Я – кукла и должна делать все, что скажет хозяин, перед которым водитель предусмотрительно открывает дверь.

– Даниил Владимирович, ваш кофе. – водитель передает Зверю безликий картонный стаканчик, а потом похожий возникает передо мной. – Катарина Сергеевна.

– Спасибо. – еле слышно произношу я, ошарашенная таким обращением и тоном, которым произносится мое имя и отчество.

– Дима, как сыграли? – спрашивает сзади Зверь.

– Три-один. Начали месить только в конце второго тайма. До этого даже не бегали, ходили по полю, как пришибленные.

– Плохо. – сзади что-то шелестит и в подставленную ладонь водителя опускается две стодолларовых купюры. – Здесь за меня и за Куму. Не трать.

– Я помню, Даниил Владимирович.

– Когда следующая?

– Через две недели.

– Запиши. – Зверь это говорит уже мне. – Узнаешь точное время у Димы.

Я достаю из рюкзака ежедневник с логотипом компании и долго думаю, как записать то, куда должен поехать Зверь. На странице с двадцать вторым числом появляется надпись: « Узнать время у водителя. Какая-то встреча».
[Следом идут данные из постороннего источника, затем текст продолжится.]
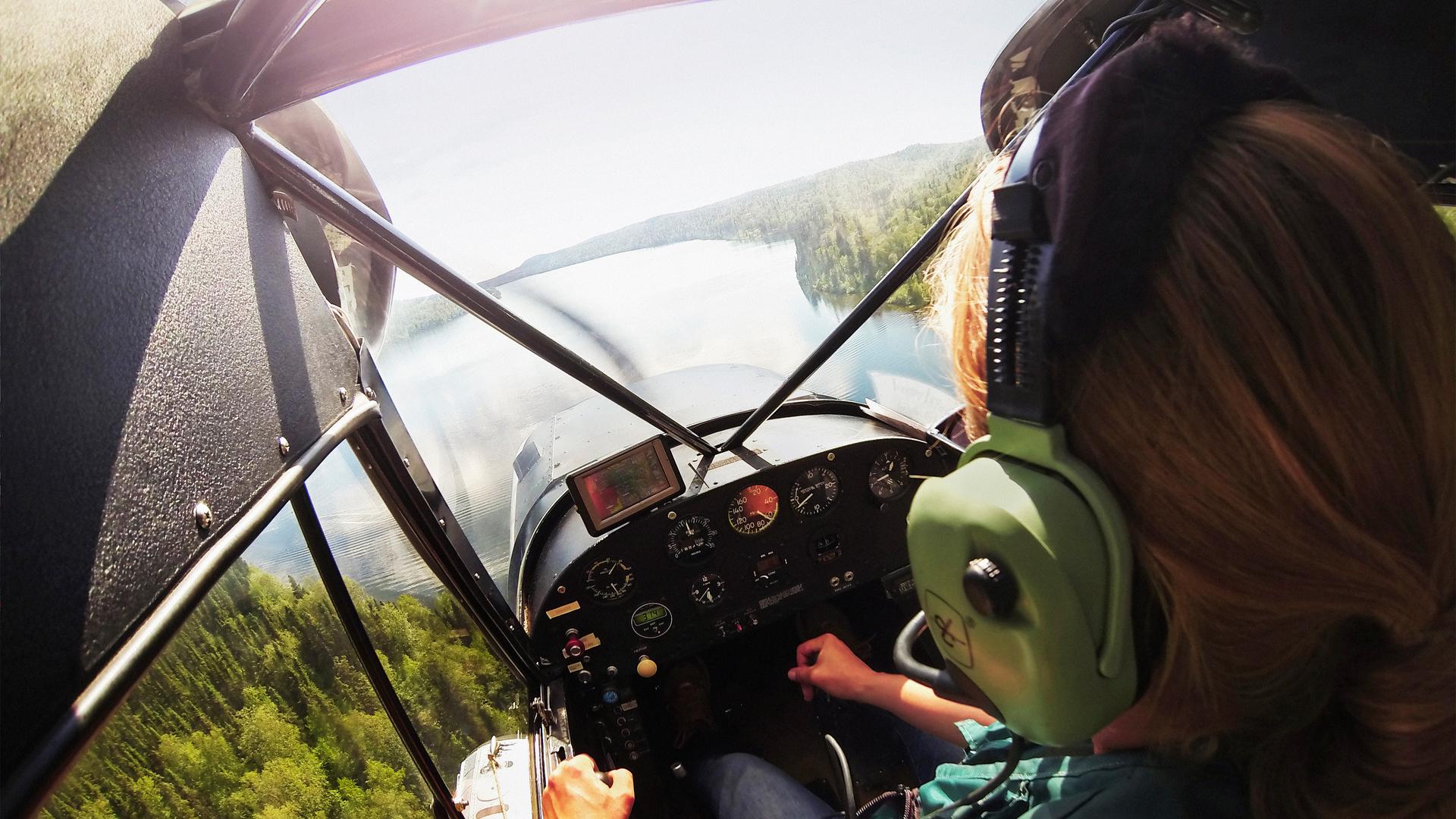 Cockpit view of a plane flying over a river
– Начало положено. – голос сзади откровенно издевается. – Теперь запоминай, а лучше запиши. Дважды повторять не буду. Все, что увидишь и услышишь, остаётся только в твоей голове. Хоть одна фотография или статья в прессе без моего ведома, и мои юристы покажут, за что они получают свою зарплату. Понятно?

– Да, Даниил Владимирович. – впервые называю его по имени и отчеству, он довольно хмыкает.

– Неплохо. Твой рабочий день начинается за полчаса до моего, кроме двух случаев. Первый – ты умерла. Тогда можешь опоздать. Второй – умер я. Здесь разрешаю вообще не приходить и выпить за свое освобождение. Но такого счастья тебе не светит. Если я тебе позвонил, то через тридцать минут ты с кофе ждёшь меня в машине. Эльвира расскажет где и какой покупать. Если не звонил – в половину девятого ты в офисе. Дальше. Мне плевать на твою личную жизнь и выходные. Выходной у тебя может быть только тогда, когда скажу я. Гарантированно можешь рассчитывать только на один день – свой день рождения. В остальные – решаю я. Никаких отгулов. И мне не важно, что у тебя произошло: внезапная простуда или месячные. С утра ты всегда на работе.